Mental trauma is a very different story. There is no one way that it looks, whilst you can always point to a photograph of a person and clearly see if they are bruised and battered and say, Yes, this is a photo of someone who has been abused, the same does not stand for mental trauma. You cannot always (if never) point to a photograph and say, Yes, clearly this is the photo of a depressed person, or so on. Because there is no one way trauma looks. When it is mental, when it is internal, it shifts and squeezes to fit the person. And it can go unnoticed by even those closest to it, sometimes, including the person suffering from it.

Thus this paper aims to raise several questions, the largest of which is, how do we document, photograph, materialize mental trauma? What does a photograph of a mental wound look like? How can photography serve to visualize, to make tangible that which is often blurry and hard to express? And finally, can the self-documentation of mental trauma, of trauma in general, help the person heal? Can forcing oneself to remember, to immortalize one's pain be a way of healing it?
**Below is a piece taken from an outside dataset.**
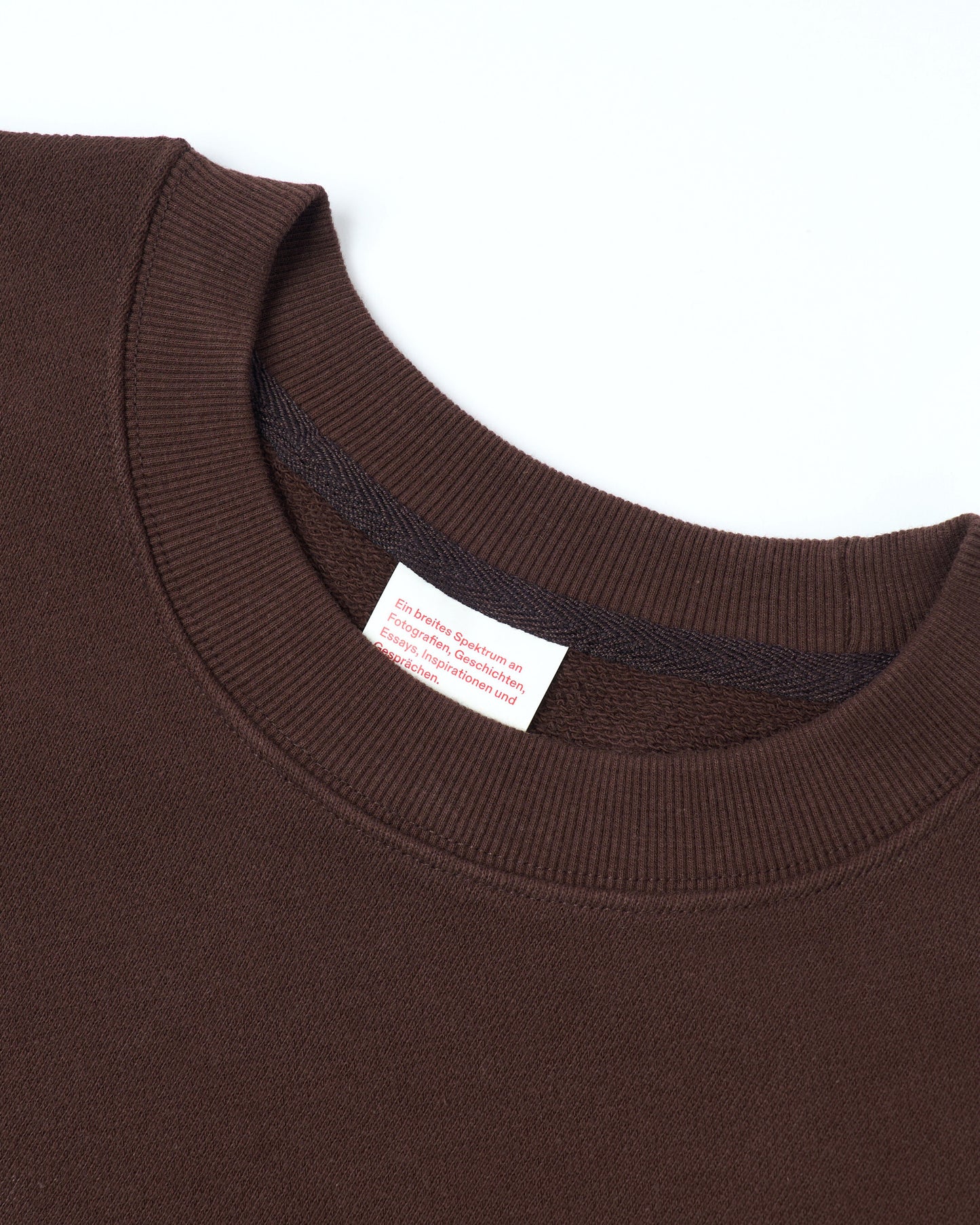 BFV Center Logo Sweatshirt (Brown)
In order to attempt to answer these questions, this essay will take as an example a selection of a few photographs from Beijing-based multimedia artist Chen Zhe's series "Bees & The Bearable" (2007–2012). The series takes a specific take on the embodiment of mental trauma; the lived experience of trauma onto the body. "Bees" is a combination of two separate photographic projects. "The Bearable" documents Zhe's years of self harm, whilst "Bees" reaches to take in and photograph the experience of others who have self harmed. It is a deeply personal project aiming to take a look at both the pain we inflict ourselves, as well as that of others. It brings to light the practice of bringing pain from the mental realm to that of the body, of creating a visible wound, one that was born out of the pre-existence of a mental one.

Self harm knows many faces, and whilst often it is predominantly depicted as self mutilation, it can also be found in smoking, cigarette burns, alcohol, eating disorders, etc… all portrayed in Zhe's work.

This paper will begin with a step into trauma theory altogether, followed by, what will be a central point to the analysis, the conceptualization of the body as a lived place, and a textual analysis of a number of chosen photographs from Zhe's work.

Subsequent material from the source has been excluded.